Its base station, on the map of Valparaíso, is close to the Aníbal Pinto square, an emblematic point of the city, close to various pieces of Street Art.
The elevator, with a 52 degrees slope, has the shortest route among all Valparaíso´s elevators, but one of the most interesting, because its rails are supported on the hill itself and planted firmly through large wood pillars. At first, the elevator worked with a system of water scales, which would later be replaced by an electric engine.
The upper station is located on an extraordinary platform/square, which leads to a wooden bridge to an area surrounded by the work of renowned street artists. Finally leading to the “Dimalow” viewpoint promenade, with elegant boutique hotels.
From the exit of the upper station of the “Reina Victoria” elevator, you can see the neighboring “Cerro Concepción” and the Lutheran church of “La Santa Cruz”. The Dimalow promenade ends at Almirante Montt street, which leads to the Anglican church of San Pablo, where the Cerro Concepción starts.
The Cordillera is the second oldest elevator that was built in Valparaíso, at the end of the 19th century. This 60-meter long elevator is accompanied in parallel by a colorful staircase by which the bravest and most athletic rise and fall.
Its slope reaches 70 degrees!
Inaugurated in 1886, the Cordillera elevator was built to respond to the intense commercial activity in the port, during the late 19th and early 20th centuries.
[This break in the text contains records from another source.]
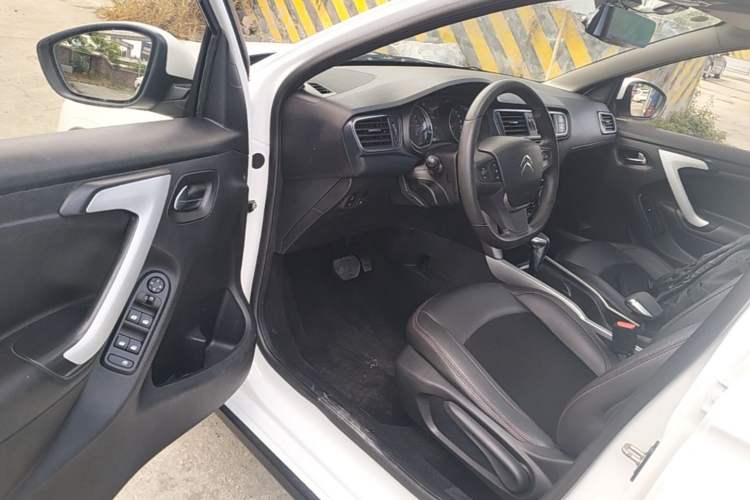 Used Citroen C3-XR 2015 1.6L Automatic Pioneer Model Driver Seat
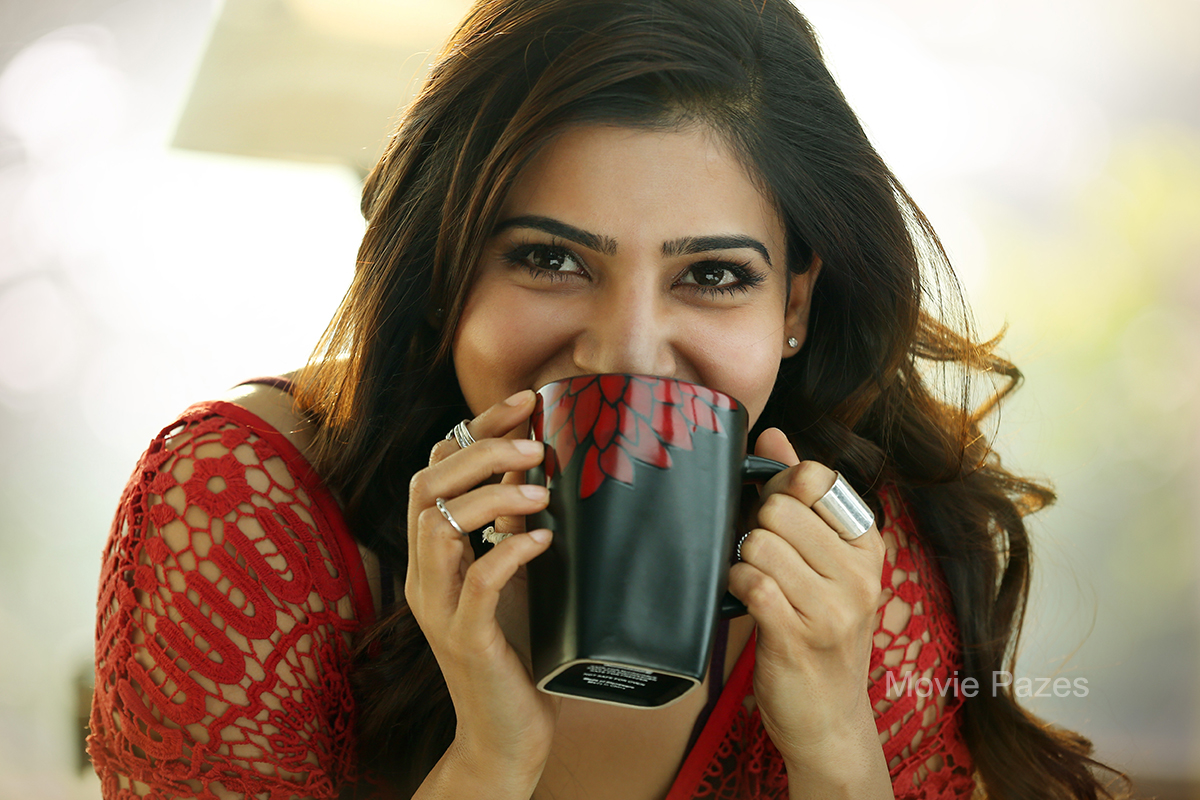 samantha-stills-from-a-aa-movie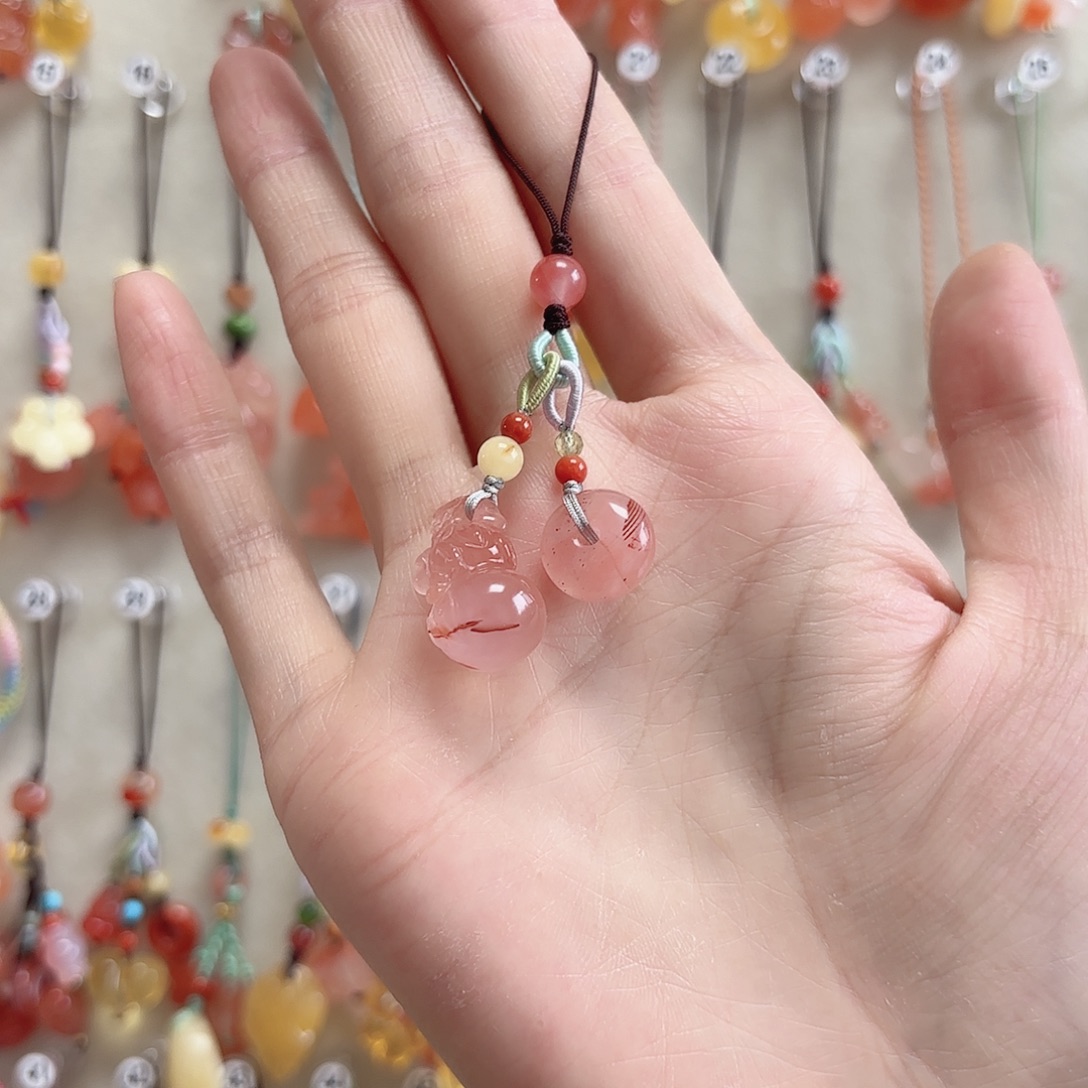 南红玛瑙未镶嵌吊坠(赠链)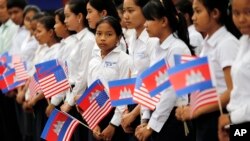 រូបឯកសារ៖ សិស្សវិទ្យាល័យកាន់ទង់ជាតិអាមេរិកនិងកម្ពុជា ក្នុងអំឡុងដំណើរទស្សនកិច្ចរបស់ភរិយា​ប្រធានាធិបតី​អាមេរិកមកកាន់កម្ពុជា នៅខេត្តសៀមរាប កាលពីថ្ងៃ២១ ខែមីនា ឆ្នាំ២០១៥។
The current elevator, built 8 years later in 1894, is a replica of the original, which was destroyed by a fire.
The Artillery elevator is the third oldest of Valparaíso. At first it was a very basic piece pf machine, with a notorious unevenness on its way to the upper station. It was inaugurated on December 29, 1892, but it started to function a year later, due to the lack of water to operate the machinery.
Given the high demand for the Playa Ancha area, so isolated from the city, that the people carried out a project to improve the original elevator, so the “Artilleria” ended up becoming the only elevator system in the city with two pairs of rails and two independent machine rooms.
It´s the most panoramic elevator in the city, with the entrance to its lower station right in front of the Wheelwright Square, next to the Customs Building. Its upper station is located on the “Paseo 21 de mayo”, with its kiosk on stilts and its artisans and street artists in front of the former Naval School, currently converted into the Naval Museum. Its total length is 175 meters, with a 27, 5 degrees slope, and a depth of 80 meters. At one point it had a capacity of up to 50 passengers, but currently can only hold 12 people.
El Polanco is the only elevator of the city that moves vertically, while the rest work as a funicular type.
Among its most striking features are its accesses, presented in the same vertical condition as its operation: its low entrance is through a 150-meter tunnel. Its main entrance has a connection with the hill with a 48-meter-long bridge.
Its only cabin climbs vertically for 60 meters at Cerro Polanco and then goes through the center of a tower, all the way to the end of the ride where a panoramic terrace appears that offers one of the most extraordinary views of the bay of Valparaíso.